At the very beginning of Chukat, we learn that the ritual law of the red heifer is “2 … the ritual law that the Lord has commanded.” Without going into detail, the bottom line is that ashes of the red heifer were to be used to purify those who came into contact with a corpse.
There is a basic contradiction: purifying something that is impure automatically and inherently contaminates the one who is doing the purifying. On the surface, this law makes no sense. And for those Jews for whom ritual as presented over the centuries is paramount, that is the basic lesson: Thus, Rabbi Yochanan ben Zakkai explained this paradox to his students: God said, ‘I made a decree (hukkah) and you are not allowed to transgress my order.’” (Tanhuma)” For people of this mindset, rituals are static, unchanging, meant to be performed for their own sake in the belief that performing them will eventually yield spiritual nourishment.

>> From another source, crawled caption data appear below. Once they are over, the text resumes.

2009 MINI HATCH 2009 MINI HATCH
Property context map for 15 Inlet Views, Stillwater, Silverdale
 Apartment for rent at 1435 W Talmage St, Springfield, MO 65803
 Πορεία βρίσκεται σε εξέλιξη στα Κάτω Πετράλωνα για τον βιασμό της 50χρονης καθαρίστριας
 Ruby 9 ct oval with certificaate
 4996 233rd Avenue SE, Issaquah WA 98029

All well and good, but for many Jews, this is simply unacceptable and so they do nothing. There is a middle way: we have to embrace Jewish rituals and adapt them so that we find meaning in them. If we don’t, we will lose them forever because our communal memory will eventually fade from disuse.
Eli Valley, the Editor of “Contact,” a newsletter on Jewish affairs, writes: “Whether inspired by historical events, communal circumstance or spiritual osmosis from surrounding cultures, Jewish rituals have emerged and evolved as a means to connect with history, with community or with notions of the Divine. For this reason, new rituals are a barometer of both the vibrancy of Jewish life and the particular dynamics of the community at the time in which they emerge.”
Mikvah, once observed by Jewish men and women on a regular basis, is now a relic associated only with unappealing facilities reserved for Orthodox women or converts. We must reclaim the use of water as a spiritual tool. It started with us, we want it back.
Shiva and shloshim, the brilliant devices ordained by our Sages as the emotional marking of time after a death, has been shortened to three days for many Jews – one for way too many. We must reclaim shiva in its healing power, letting go of the many perfections of the ritual and adapting it so that we can be healed by it.
When Moses stood at Sinai, he watched God tying crowns onto the letters of the Torah. He asked, "Why are you doing this?" God said, "One day there will be a man so great that he will be able to interpret even the crowns of the letters." Moses said, "I want to see this man."
Immediately, Moses is transported to the study house of Rabbi Akiba, where he finds himself in the back row. He listens for a while to the debate and finds that he understands nothing of what is being said. He becomes so distressed he grows faint.
Finally, a student asks Rabbi Akiba, "Master, where did you learn this?" Akiba answers, "It is a law given to Moses at Sinai." Moses is comforted. (Talmud Bavli, Menachot 29b)
If no less a teacher than Moshe Rabbeinu could recognize the Judaism in new ways to approach Judaism, clearly so can we.